Fahre zu deinem Vater. Bis später. Kuss, J.
    Es ist schwül draußen. Vor der Kirche steht eine Touristengruppe und fotografiert Berninis kleinen Marmorelefanten.
    »Warum trägt er einen Obelisken auf dem Rücken?«, fragt ein Mann mit norddeutschem Akzent.
    »Bernini ließ sich von einem Holzschnitt in einem Roman der Renaissance dazu inspirieren«, erklärt die Reiseführerin. »Sonst noch Fragen?«
    Der Mann bleibt hinter den anderen zurück, er filmt den Elefanten. Ich sehe sein hageres Gesicht. Einen Moment lang glaube ich, Harald Jansen vor mir zu haben. Ich muss mich zusammenreißen.
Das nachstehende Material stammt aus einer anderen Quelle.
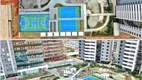 Foto 5 de Apartamento com 3 Quartos à venda, 105m² em Park Lozândes, Goiânia
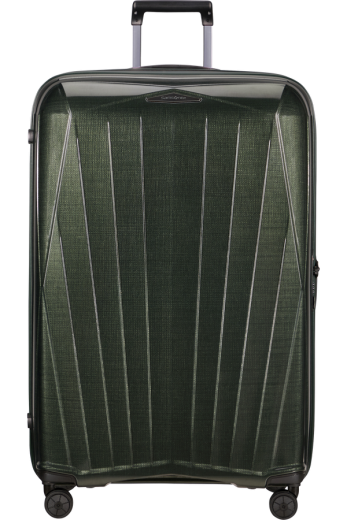 Mala de Viagem Extragrande 84cm 4 Rodas Major-Lite Verde Hera - Misscath| Mala de Viagem Extragrande 84cm 4 Rodas Major-Lite Verde Hera | Samsonite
    Keine Antwort von Francesco.
    Meinem Fuß geht es besser. Ich nehme die Straßenbahn, eine junge Frau bietet mir ihren Platz an. Sehe ich so müde aus? In Trastevere steige ich um. Zwei Carabinieri erwischen einen Taschendieb, er ist höchstens zwölf.
    Von der Piazza Albania gehe ich zu Fuß den Aventin hinauf. Schattenspendende Bäume säumen die Straße, aus den Gärten duftet es nach Jasmin. Ab und zu fährt ein Auto vorbei, sonst ist hier niemand unterwegs. Aus einem mit Efeu bewachsenen Haus höre ich Musik. Ich bleibe stehen. Jemand übt Klavier. Eine traurige, sehnsüchtige Melodie. Ich lausche und wünschte, ich könnte meiner Tochter begegnen.
    Ich fange an zu schwitzen. Francescos Vater wird wieder mit mir schimpfen, warum ich kein Taxi genommen habe.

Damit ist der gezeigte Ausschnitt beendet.